I’m not sure how theologically correct this is, but it has always been my opinion that those who have done more in their lives will receive more. What that reward is, I don’t know. Just getting to Heaven would be reward enough:)
Gotquestions.org is not Catholic. I would not pay attention to anything that site says. They teach much error.
The crowns are literary metaphors, that’s all.
Heaven is the ultimate reward. Nothing can top it.
Thanks, I was using that site a lot, I will stop now
We believe in Justification, which is the baptism that Jesus said was necessary for a man to be born again into his kingdom (Jn 3).
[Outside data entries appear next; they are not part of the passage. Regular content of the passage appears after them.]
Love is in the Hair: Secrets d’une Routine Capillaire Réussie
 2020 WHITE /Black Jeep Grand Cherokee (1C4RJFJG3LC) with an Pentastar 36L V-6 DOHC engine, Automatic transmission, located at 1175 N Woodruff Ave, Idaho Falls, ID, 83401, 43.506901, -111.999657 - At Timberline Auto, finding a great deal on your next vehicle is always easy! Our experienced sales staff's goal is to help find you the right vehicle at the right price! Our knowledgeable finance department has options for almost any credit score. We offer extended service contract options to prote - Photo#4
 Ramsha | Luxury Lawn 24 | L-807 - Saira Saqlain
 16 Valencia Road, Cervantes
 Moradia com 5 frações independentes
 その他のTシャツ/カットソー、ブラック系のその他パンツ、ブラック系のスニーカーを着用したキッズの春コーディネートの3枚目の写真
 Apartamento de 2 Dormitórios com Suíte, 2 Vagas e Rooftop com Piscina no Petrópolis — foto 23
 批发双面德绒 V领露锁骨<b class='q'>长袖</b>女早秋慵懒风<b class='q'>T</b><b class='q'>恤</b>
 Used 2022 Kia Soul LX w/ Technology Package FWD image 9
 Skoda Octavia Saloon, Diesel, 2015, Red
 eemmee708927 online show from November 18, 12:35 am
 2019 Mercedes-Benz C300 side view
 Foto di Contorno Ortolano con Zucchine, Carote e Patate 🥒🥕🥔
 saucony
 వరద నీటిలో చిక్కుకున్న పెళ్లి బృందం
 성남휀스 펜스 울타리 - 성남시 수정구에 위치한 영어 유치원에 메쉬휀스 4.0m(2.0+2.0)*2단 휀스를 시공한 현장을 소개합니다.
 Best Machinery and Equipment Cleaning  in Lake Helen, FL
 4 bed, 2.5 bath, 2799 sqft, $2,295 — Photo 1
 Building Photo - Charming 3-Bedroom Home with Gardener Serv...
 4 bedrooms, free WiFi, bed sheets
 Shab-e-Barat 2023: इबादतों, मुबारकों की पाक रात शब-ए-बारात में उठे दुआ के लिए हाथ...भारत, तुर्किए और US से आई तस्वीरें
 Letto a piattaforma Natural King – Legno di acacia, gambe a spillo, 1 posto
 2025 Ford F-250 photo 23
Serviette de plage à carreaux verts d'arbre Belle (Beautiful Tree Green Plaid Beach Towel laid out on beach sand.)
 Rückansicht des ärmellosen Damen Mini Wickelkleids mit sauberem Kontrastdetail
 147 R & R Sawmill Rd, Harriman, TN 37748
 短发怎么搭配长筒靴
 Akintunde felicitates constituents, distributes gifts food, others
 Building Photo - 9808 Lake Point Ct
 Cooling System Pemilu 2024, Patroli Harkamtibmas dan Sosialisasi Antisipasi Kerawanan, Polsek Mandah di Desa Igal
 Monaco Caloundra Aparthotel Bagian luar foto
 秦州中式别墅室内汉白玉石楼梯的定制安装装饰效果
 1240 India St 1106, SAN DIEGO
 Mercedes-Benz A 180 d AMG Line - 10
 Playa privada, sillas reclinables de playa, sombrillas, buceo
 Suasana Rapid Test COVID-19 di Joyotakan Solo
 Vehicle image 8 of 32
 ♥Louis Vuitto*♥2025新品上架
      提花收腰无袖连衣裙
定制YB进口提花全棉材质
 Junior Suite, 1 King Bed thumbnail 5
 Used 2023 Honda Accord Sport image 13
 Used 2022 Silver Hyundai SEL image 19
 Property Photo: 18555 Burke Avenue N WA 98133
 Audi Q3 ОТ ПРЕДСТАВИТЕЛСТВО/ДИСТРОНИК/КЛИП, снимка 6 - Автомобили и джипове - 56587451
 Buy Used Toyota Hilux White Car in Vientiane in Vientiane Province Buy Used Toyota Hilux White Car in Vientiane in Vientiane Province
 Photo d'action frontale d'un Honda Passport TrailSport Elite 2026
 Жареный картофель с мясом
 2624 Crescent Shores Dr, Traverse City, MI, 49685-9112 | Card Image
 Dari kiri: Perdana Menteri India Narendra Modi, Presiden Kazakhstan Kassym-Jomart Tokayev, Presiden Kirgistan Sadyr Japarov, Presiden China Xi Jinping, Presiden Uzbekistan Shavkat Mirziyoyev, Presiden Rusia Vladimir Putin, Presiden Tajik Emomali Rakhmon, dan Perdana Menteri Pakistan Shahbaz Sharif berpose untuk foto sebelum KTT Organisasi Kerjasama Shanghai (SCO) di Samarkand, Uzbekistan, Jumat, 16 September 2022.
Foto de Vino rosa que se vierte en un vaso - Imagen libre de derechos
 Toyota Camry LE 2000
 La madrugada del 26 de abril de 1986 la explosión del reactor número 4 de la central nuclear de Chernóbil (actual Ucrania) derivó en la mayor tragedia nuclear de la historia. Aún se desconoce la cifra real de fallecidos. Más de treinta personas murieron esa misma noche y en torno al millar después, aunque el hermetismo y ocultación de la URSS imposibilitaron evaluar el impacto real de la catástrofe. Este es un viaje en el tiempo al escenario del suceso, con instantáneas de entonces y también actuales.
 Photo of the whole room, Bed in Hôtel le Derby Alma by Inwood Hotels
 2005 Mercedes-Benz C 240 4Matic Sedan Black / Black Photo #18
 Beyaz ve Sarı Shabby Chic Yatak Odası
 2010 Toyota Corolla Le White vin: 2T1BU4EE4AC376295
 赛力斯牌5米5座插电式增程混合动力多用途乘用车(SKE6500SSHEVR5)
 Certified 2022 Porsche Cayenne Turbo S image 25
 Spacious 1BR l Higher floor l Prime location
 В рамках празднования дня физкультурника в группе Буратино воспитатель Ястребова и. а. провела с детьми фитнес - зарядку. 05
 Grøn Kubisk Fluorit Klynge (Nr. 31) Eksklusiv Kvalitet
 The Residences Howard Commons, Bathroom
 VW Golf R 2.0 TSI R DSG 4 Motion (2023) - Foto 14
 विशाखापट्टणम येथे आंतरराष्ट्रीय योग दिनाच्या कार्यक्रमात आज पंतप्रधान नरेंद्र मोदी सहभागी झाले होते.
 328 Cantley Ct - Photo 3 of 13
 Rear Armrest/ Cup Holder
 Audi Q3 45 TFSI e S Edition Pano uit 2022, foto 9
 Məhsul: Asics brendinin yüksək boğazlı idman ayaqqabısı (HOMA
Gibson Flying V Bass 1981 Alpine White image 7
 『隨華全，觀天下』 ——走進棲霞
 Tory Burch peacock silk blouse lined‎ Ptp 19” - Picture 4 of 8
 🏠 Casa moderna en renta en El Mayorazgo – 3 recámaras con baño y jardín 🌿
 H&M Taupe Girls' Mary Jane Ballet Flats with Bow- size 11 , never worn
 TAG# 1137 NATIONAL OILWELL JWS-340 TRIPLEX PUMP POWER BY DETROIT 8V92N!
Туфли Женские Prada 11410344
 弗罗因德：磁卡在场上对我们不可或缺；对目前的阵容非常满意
Then we believe in sanctification, whereby a person grows in the grace/life of God thruout a person’s life. This growth of sanctity will be the reward the person has in the next world with Jesus. The degree of sanctity of a person is the measure of laying up treasure in heaven that Jesus spoke about.
I would advise avoiding sites like gotquestions, CARM, pretty much anything to do with Jack Chick, and Bible.ca. These sites do not portray an accurate representation of Catholicism.
I was always taught through a similar of bottles. In this life we grow in Christ and thus in heaven all of us are like bottles, some large through works of corporal charity, some small such as myself like a sample bottle. However in heaven all are filled to the brim with the love of God. However due to the size some hold more than others, however we are all fulfilled to our capacity. I believe crowns are a metaphor just as the bottles are a way of understanding what we cannot yet understand… the joy of being with God finally fulfilling our being in its Creator. Hope this helps.
It is not in my nature to make fun of anyone.
The essential happiness of Heaven is the beatific vision, which Saint Thomas Aquinas writes about in the Summa Theologica, the Supplement, in Question 92
He goes on to describe more on the state of the blessed in Questions 93-96.
Aquinas articulates the different “crowns” in his treatment on the aureole in question 96.
I think you might find Aquinas more useful reading on this subject than the website you are asking about.
I’ve always thought that I Corinthians chapter 3:12-15, which talks about personal judgement, speaks about some kind of reward. What it is, though, I don’t know.
“Now if any man builds on the foundation with gold, silver, precious stones, wood, hay, straw, each man’s work will become evident; for the day will show it because it is to be revealed with fire, and the fire itself will test the quality of each man’s work. If any man’s work which he has built on it remains, he will receive a reward. If any man’s work is burned up, he will suffer loss; but he himself will be saved, yet so as through fire.”
Like everyone else has said, though, God Himself is our reward.
Well, to put it simply (since I’m a simple person and not a theologian):
Our reward in heaven is a share in the Beatific Vision.
Our share of the Beatific Vision is dependent on how much we love God.
Loving God is dependent on what could be loosely called “works,” such as doing things for Him on earth out of love, spending time with Him in prayer, living a Sacramental life, etc.
So yes, the more we love God, the more we are filled with Him, the more, therefore, our reward.
Heaven is goodness
Hell is not.
There is an old saying “better to rule in hell than serve in heaven” but would you rather be chief of a starving 3rd world tribe? Or avg middle class american? Assuming a hierarchy in heaven, I imagine the elders in Revelation represent the “more reward” while many are not them. But I am sure it is still beyond wonderful.
Someone once told me-and this makes eminent sense-that for humans to try to comprehend what Heaven is like, is a bit like expecting a mosquito larva to know what it is like to fly.
I would go with Father Ruggero’s advice on Aquinas and the notion of the Beatific Vision.